Interacting topological insulators: a review

TL;DR

This review explores the intersection of topological insulators and electron-electron interactions, highlighting new phases and phenomena arising from their interplay, including correlated topological states and exotic quantum phases.

Contribution

It provides a comprehensive overview of how topological bandstructures interact with strong correlations, covering stability, new phases, and the relation to quantum magnetism.

Findings

Interaction-induced topological phases like topological Kondo insulators.

Existence of exotic states such as topological Mott insulators and fractional Chern insulators.

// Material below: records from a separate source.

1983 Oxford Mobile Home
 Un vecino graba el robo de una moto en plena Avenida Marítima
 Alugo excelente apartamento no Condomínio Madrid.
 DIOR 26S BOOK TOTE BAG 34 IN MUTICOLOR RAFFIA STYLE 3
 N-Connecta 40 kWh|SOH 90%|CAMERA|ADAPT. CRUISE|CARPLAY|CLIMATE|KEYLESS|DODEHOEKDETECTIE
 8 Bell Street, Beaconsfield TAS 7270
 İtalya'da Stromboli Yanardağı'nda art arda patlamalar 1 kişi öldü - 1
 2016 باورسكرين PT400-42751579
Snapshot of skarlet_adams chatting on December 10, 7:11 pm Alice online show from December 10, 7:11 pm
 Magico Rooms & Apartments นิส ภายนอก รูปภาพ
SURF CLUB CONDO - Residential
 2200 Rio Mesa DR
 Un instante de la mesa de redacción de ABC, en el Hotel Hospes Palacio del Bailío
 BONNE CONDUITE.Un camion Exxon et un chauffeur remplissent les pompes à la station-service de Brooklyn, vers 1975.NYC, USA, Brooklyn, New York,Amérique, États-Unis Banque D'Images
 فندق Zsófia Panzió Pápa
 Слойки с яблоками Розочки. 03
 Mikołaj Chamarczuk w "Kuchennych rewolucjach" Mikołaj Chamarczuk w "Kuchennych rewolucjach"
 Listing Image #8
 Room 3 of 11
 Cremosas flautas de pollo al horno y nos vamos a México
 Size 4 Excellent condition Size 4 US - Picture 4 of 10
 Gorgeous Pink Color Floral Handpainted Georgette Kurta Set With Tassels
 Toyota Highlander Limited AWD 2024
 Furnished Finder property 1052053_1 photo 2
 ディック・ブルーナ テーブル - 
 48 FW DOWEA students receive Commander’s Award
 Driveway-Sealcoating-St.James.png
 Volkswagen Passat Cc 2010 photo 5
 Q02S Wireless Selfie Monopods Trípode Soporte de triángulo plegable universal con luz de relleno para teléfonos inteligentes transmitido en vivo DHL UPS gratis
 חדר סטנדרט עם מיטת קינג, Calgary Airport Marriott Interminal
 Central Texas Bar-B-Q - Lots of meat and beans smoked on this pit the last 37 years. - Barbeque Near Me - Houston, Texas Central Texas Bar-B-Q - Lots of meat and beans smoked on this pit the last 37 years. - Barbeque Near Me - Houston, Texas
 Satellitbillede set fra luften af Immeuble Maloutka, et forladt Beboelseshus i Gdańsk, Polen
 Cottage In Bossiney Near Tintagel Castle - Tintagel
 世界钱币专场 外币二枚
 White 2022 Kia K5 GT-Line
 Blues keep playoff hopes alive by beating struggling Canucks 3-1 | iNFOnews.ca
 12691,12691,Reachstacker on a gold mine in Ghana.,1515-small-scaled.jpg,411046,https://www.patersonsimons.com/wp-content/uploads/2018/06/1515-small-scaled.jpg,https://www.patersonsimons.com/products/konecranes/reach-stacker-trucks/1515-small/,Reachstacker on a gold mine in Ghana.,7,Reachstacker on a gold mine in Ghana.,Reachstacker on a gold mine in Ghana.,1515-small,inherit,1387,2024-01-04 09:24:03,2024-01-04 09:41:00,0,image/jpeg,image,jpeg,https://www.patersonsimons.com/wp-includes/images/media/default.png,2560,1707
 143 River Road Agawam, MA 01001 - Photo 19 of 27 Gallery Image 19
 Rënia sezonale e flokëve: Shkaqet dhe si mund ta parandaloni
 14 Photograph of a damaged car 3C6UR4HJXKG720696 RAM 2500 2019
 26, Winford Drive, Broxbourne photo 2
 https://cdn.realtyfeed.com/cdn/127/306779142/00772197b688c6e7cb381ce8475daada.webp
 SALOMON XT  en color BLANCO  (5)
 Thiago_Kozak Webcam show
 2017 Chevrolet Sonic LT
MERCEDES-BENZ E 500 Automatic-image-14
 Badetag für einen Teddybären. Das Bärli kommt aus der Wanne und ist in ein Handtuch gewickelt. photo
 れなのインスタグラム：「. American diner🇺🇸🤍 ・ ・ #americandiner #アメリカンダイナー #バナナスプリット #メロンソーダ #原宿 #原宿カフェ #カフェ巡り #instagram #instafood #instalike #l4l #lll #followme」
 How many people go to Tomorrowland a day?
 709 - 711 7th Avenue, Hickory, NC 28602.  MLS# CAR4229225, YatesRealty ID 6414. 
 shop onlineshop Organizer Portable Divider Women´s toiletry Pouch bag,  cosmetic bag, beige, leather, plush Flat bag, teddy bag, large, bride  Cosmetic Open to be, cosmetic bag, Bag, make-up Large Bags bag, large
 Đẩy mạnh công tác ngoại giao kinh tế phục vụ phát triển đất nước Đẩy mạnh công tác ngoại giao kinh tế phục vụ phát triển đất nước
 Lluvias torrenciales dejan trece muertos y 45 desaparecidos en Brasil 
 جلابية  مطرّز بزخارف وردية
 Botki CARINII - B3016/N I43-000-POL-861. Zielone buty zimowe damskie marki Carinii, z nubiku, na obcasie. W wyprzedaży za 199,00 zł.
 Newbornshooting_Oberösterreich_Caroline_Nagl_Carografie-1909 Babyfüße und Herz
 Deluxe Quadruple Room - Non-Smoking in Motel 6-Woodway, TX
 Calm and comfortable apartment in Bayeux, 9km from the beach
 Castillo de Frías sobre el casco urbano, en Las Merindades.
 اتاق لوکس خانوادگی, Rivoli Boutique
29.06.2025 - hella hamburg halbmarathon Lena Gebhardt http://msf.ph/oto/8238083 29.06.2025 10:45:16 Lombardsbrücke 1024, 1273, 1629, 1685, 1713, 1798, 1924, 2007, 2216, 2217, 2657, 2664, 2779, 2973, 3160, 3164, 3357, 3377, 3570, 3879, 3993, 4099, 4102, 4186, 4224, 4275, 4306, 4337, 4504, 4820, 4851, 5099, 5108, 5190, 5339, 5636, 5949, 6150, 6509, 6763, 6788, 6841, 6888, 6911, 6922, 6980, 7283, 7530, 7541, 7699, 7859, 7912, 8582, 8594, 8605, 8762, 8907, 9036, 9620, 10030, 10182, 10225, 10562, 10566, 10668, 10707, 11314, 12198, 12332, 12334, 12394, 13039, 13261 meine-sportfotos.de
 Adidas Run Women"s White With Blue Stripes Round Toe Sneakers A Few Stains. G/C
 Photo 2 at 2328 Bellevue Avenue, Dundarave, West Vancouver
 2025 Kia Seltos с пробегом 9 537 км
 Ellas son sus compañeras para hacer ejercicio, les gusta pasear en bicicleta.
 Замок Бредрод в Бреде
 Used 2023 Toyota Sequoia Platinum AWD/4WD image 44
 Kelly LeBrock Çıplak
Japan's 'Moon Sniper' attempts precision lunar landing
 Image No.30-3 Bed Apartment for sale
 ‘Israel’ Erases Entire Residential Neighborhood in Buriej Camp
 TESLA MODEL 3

Connections between topological bandstructures and frustrated quantum magnetism.

Abstract

The discovery of the quantum spin Hall effect and topological insulators more than a decade ago has revolutionized modern condensed matter physics. Today, the field of topological states of matter is one of the most active and fruitful research areas for both experimentalists and theorists. The physics of topological insulators is typically well described by band theory and systems of non-interacting fermions. In contrast, several of the most fascinating effects in condensed matter physics merely exist due to electron-electron interactions, examples include unconventional superconductivity, the Kondo effect, and the Mott-Hubbard transition. The aim of this review article is to give an overview of the manifold directions which emerge when topological bandstructures and correlation physics interfere and compete. These include the study of the stability of topological bandstructures and correlated topological insulators. Interaction-induced topological phases such as the topological Kondo insulator provide another exciting topic. More exotic states of matter such as topological Mott insulator and fractional Chern insulators only exist due to the interplay of topology and strong interactions and do not have any bandstructure analogue. Eventually the relation between topological bandstructures and frustrated quantum magnetism in certain transition metal oxides is emphasized.